Both women describe the Spartan Race community as welcoming and inclusive, open to all bold people who can conquer their fears, master their physical pain, and trudge ahead in the face of adversity. As the official Spartan Race mission statement says, “Spartans laugh in the face of failure and continue forward. We welcome challenges and embrace discomfort.”
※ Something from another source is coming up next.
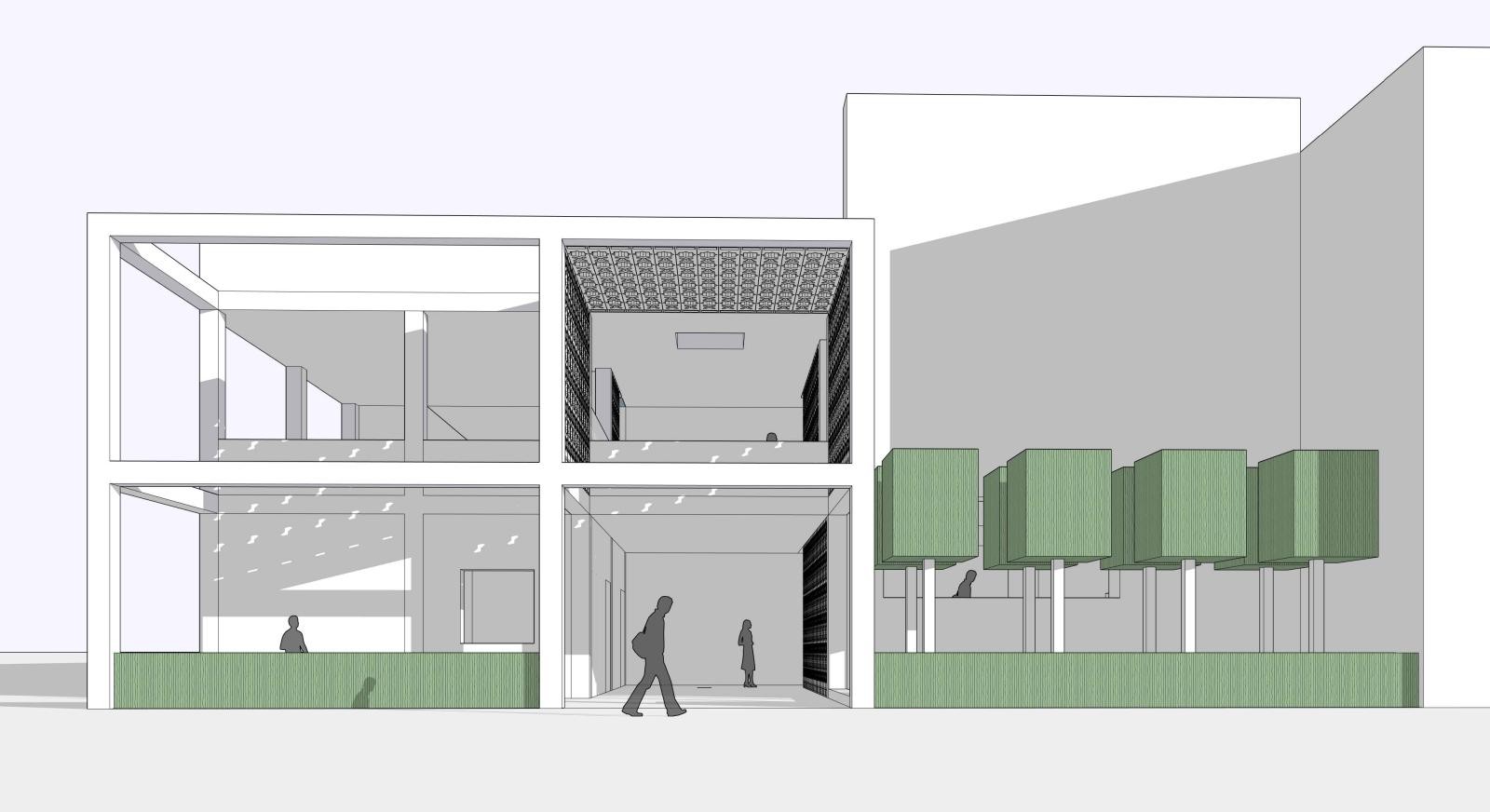 Architecture rendering of a Pavillion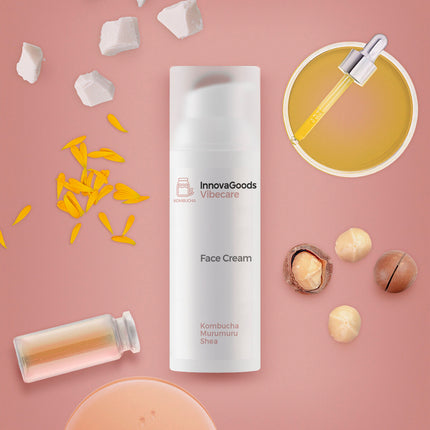Innovagoods Hydraterende Gezichtscrème Kombucha Vibecare Innovagoods 50 Ml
This decidedly hardcore attitude does not prevent the racing community from reaching out in compassion or helping each other through times of need. Silcox has witnessed this compassion play out in a very inspiring and personal way. While volunteering at a Spartan event in Ashville, she shot video of a one-armed combat veteran climbing a twenty-foot rope, displaying amazing determination as he was cheered on by a support team from Operation Enduring Warrior.

Shannon Silcox

Shannon Silcox

“When I got home I threw the video up on social media and it just went viral,” says Silcox.
Soon the veterans in the video contacted Silcox and shared their full story and mission – to inspire and engage wounded veterans by encouraging them to participate in athletic challenges. Then Reebok Spartan Race picked up the video and added it to their online page, opening it up to a much broader audience… including a California mom whose eight year-old son had recently suffered a viral paralysis of his right arm. The little boy, Ryder, loves obstacle course shows like “American Ninja Warrior” and was inspired by the one-armed veteran’s gritty athleticism.
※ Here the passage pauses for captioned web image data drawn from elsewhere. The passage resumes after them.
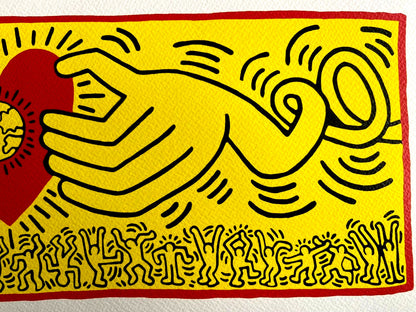 Keith Haring Lithograph Coa Signed Numbered By Hand Certificate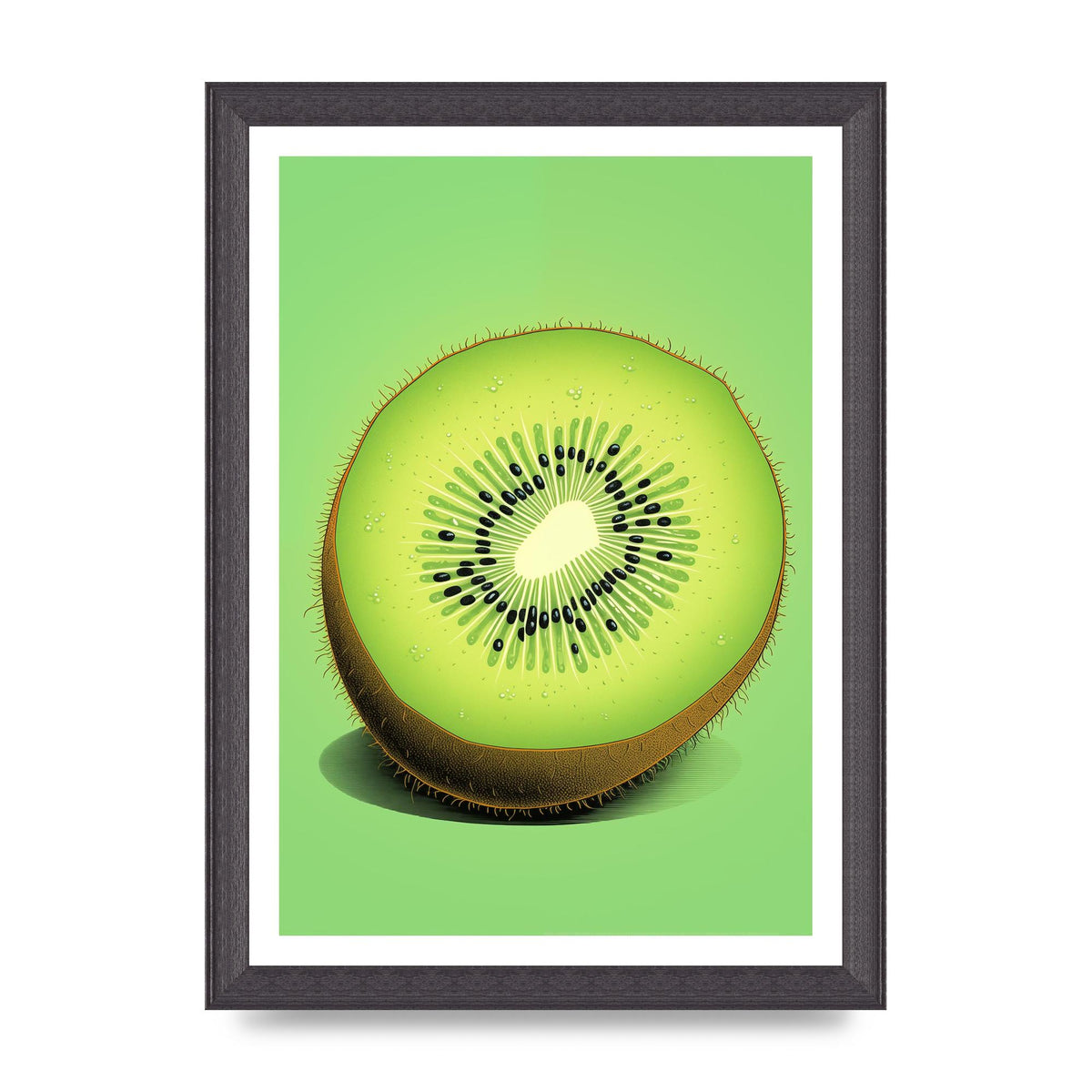 Contrasting Kiwi Artwork Risograph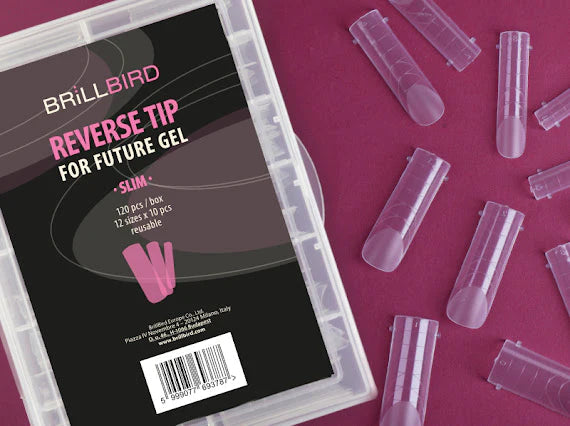 Brillbird Reverse Tips - Slim - Kentro Beauty Supplies Ireland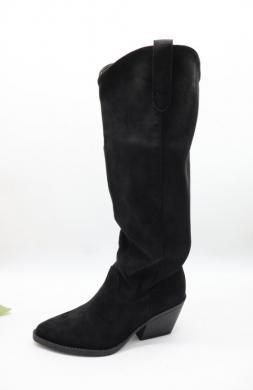 Kozaki damskie na obcasie (36-41) 52222 BLACK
Silcox relayed this story to the vet (who lives in Miami) and he, in turn, hooked Ryder up with another single arm amputee in California who visited Ryder and taught him some one-armed techniques to make his daily life easier – like tying his shoes. That visit blossomed into a friendship and Ryder and his family eventually joined the veterans and Silcox (whose travel was financed by gym friends and a GoFundMe campaign) to run his first Spartan Kid’s Race over the October 1 weekend in Lake Tahoe.

Silcox ran the 14.7 mile Beast course at Lake Tahoe with the veterans, and says the experience was nothing short of inspirational.

“You’re out there with two wounded combat veterans, one of them had his service dog with him, and they’re working together figuring out ways to get over walls and climb ropes and hills…it’s really hard to put all of what I saw into words because it was all just so amazing,” Silcox says.

Ryder had a great time too, she says. He proudly wore his Spartan gear and medal to school last Monday, and he’s already pestering his mom to sign him up for more Spartan Races.

This fast-blooming addiction is normal, apparently, as Silcox only started racing within the last year and has already completed 12 more races. Thomas, after finishing the Fort Bragg Military Sprint, immediately started looking for other events within driving distance of Darlington. She’s registered for a Beast event October 29 in Winnsboro and plans to compete in a Super event in December in Georgia. If she completes all three races, she will earn – with a fair amount of blood, sweat, and tears – the coveted Spartan Race “trifecta,” finishing one of each event within a calendar year.

“This is my type of racing. I was always a tomboy growing up, running around outside and climbing trees, and now I get to do that again,” says Thomas.